Records —
↓↓↓
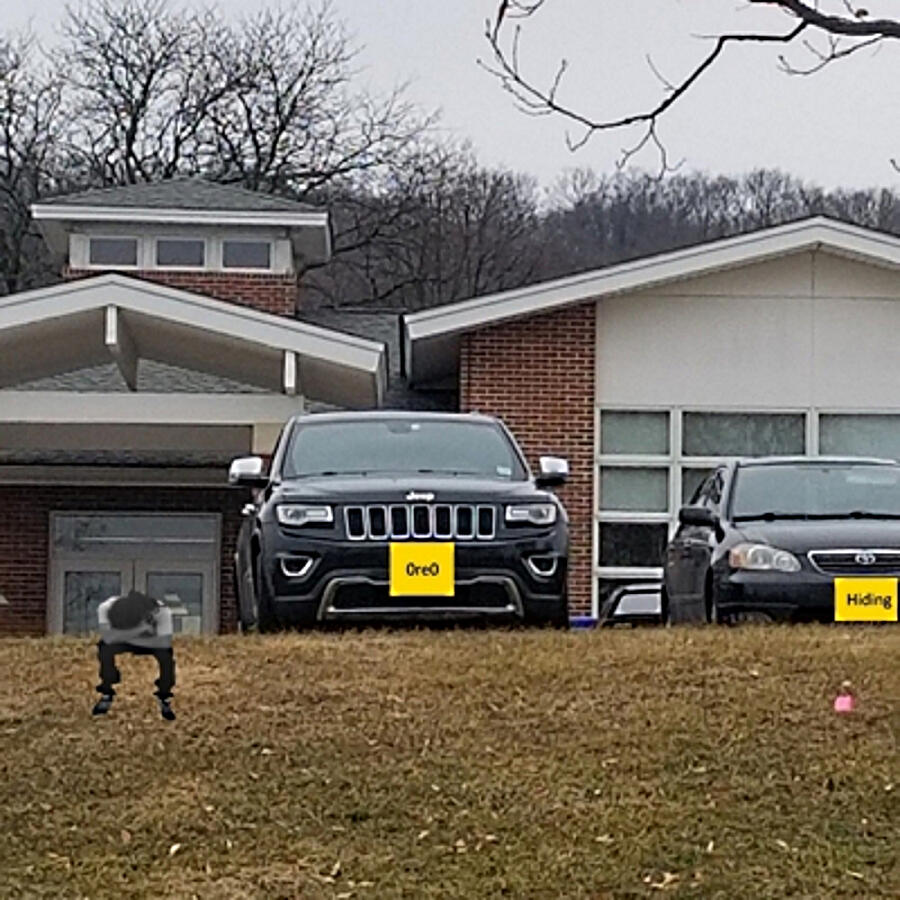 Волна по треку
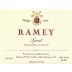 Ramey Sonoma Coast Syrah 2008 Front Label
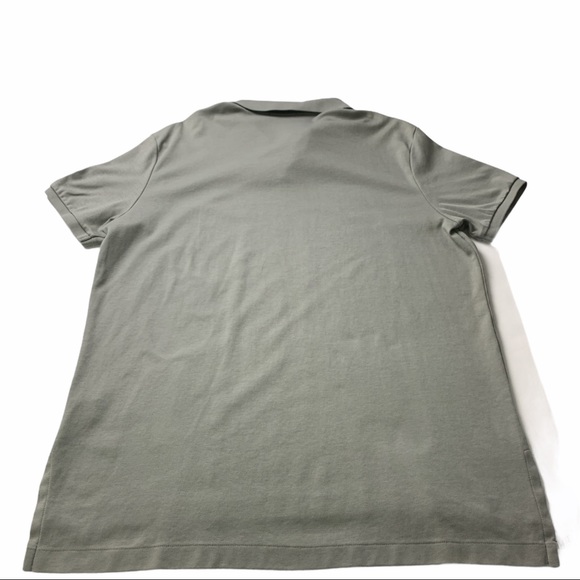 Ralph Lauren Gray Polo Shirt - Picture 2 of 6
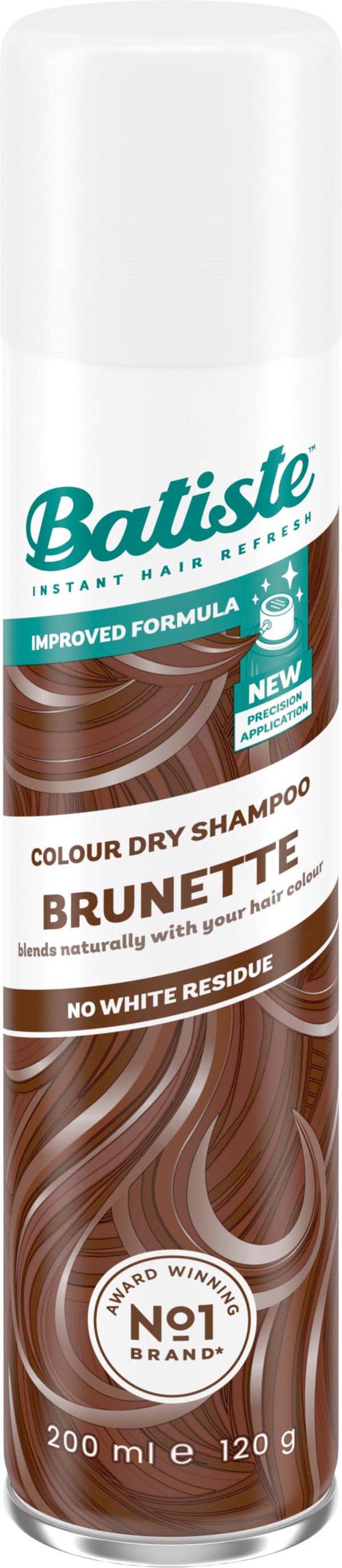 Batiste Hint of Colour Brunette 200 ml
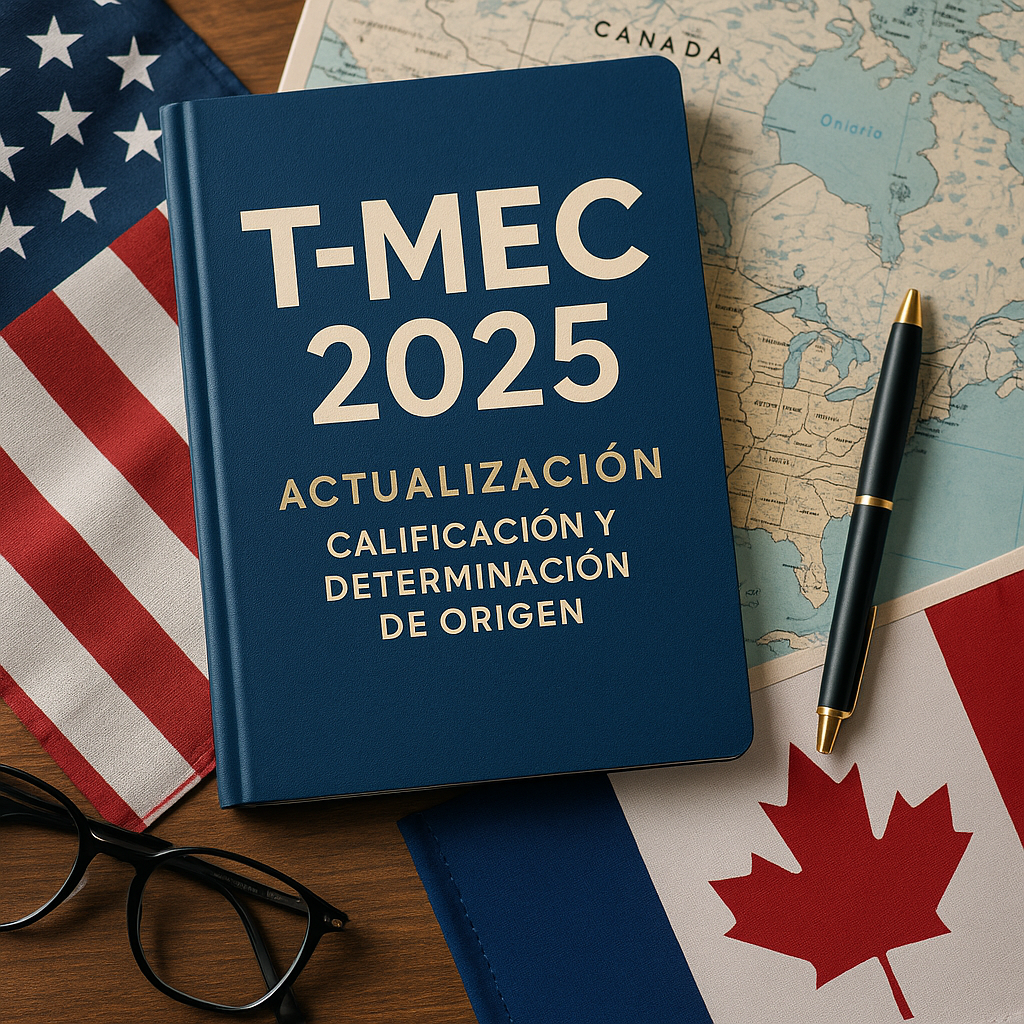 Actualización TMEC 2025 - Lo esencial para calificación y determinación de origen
↑↑↑
Task details — The listing above is to be retyped exactly, with all pictures left out.

Output below —
 Волна по треку
 Ramey Sonoma Coast Syrah 2008 Front Label
 Ralph Lauren Gray Polo Shirt - Picture 2 of 6
 Batiste Hint of Colour Brunette 200 ml
 Actualización TMEC 2025 - Lo esencial para calificación y determinación de origen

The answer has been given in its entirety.